Medidas de prevenção e apoio às vítimas

A violência doméstica continua a ser uma realidade presente no quotidiano de muitas famílias. A dimensão do fenómeno está longe de ser conhecida. Como não se sabe se tende a regredir ou a crescer. Dado como certo é que três por cento de todos os crimes denunciados, segundo as informações estatísticas existentes, corresponde ao padrão de ofensas corporais no seio conjugal. Um valor que, está bem de ver, corresponde apenas à ponta do iceberg. Isto porque, como se sabe, a grande maioria dos casos de violência não é objecto de denúncia por parte da vítima.
Em causa estão maus tratos sobre as mulheres cuja origem assenta num conjunto variado de factores, com relevância para os de natureza cultural e para os sócio-económicos. Indissociáveis do fenómeno estão ainda razões que se prendem com o sistema económico, bem como políticas governamentais que agem por acção ou omissão.
Não obstante o trabalho positivo desenvolvidos por algumas entidades e organizações não governamentais (ONG’s), como é o caso da Associação «O Ninho», a verdade é que a par da não aplicação de leis sobre os direitos das mulheres continuam a faltar medidas na área da prevenção e apoio às mulheres vítimas de violência. Colmatar essa insuficiência legislativa constitui um dos objectivos inscritos no diploma do PCP.
Desde logo, como especificou no debate Odete Santos, merecem destaque as medidas na área da reinserção social, incluindo a reinserção dos agressores, indo assim ao encontro de textos internacionais e do Plano governamental contra a violência doméstica.
Juntando-se à medida de coacção do afastamento do agressor já proposta pelo PCP em 1991 e constante da Lei N.º 61, materializada é igualmente a proposta em matéria processual penal da pena acessória correspondente que consta daquele Plano Global mas não consta da Lei.
Destaque merece finalmente a medida que prevê que seja considerado crime público a violência exercida sobre a mulher. Envolvendo «menosprezo e ódio pela pessoa que se maltrata», para a bancada comunista, o crime de maus tratos não é uma ofensa corporal simples, não podendo por isso deixar de ser público. «Até porque os maus tratos sucedem-se por ciclos que envolvem a certa altura um período de lua de mel e de reconciliação e mesmo antes disso uma relação amor-ódio, que leva as mulheres a querer desistir da queixa, para serem novamente vítimas de maus tratos», sustentou Odete Santos.

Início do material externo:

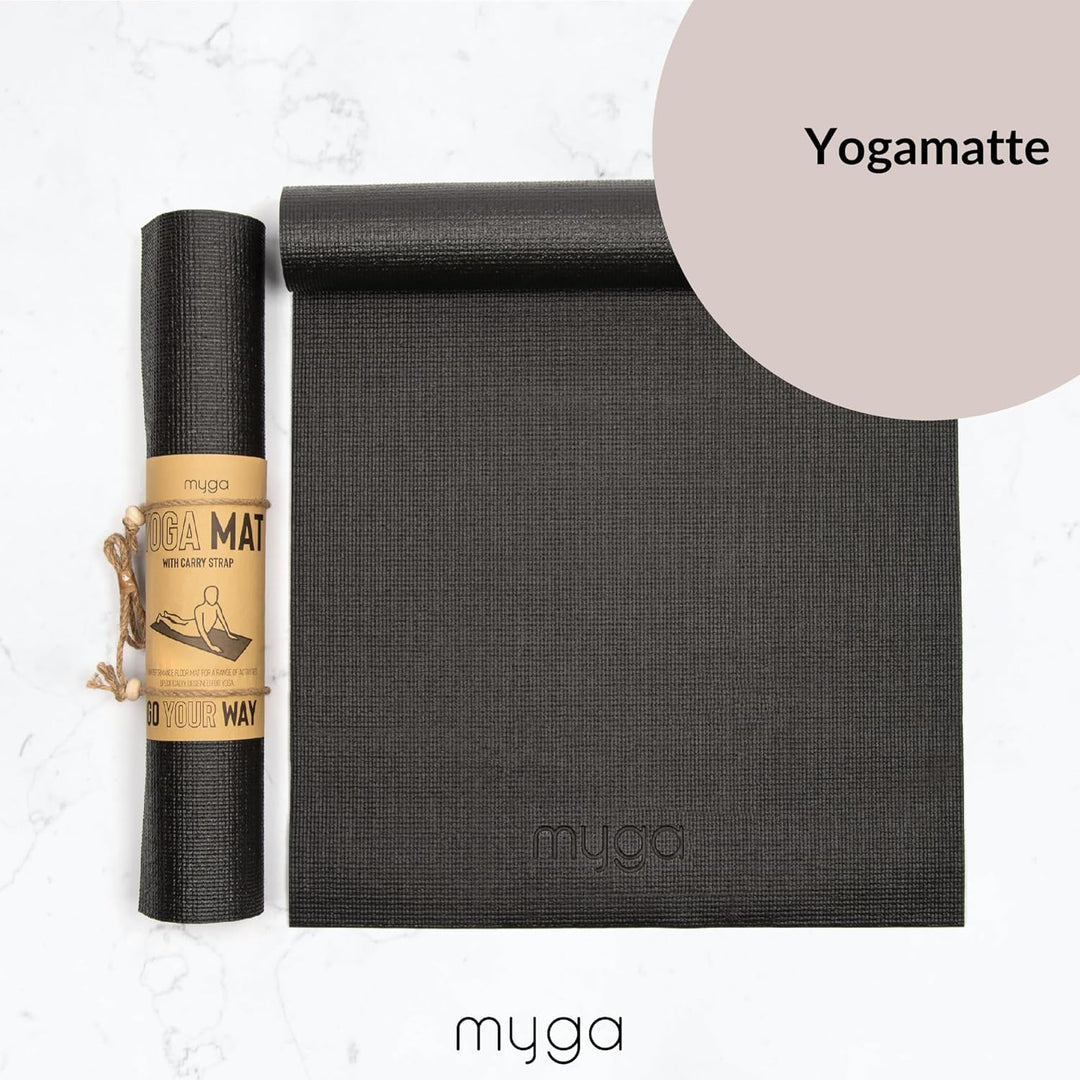 Myga Yoga-Starter-Set – Yogamatte, 2 Yoga-Blöcke und Yogagurt – Starter-Set mit Matte, 2 Steinen & M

De acordo com o articulado do projecto comunista previsto está, entretanto, um novo mecanismo de suspensão provisória do processo, através de requerimento da vítima, desde que seja uma decisão livre e consciente validada pelo Ministério Público. Trata-se de uma solução adoptada pelo PCP depois de ouvidas as razões de mulheres que estão contra a natureza pública do crime e que consideram que traria «novas e mais refinadas violências sobre as mulheres e mesmo a negação do crime pela própria vítima, levando ao arquivamento de processos, a absolvições e a um reforço do poder do maltratante».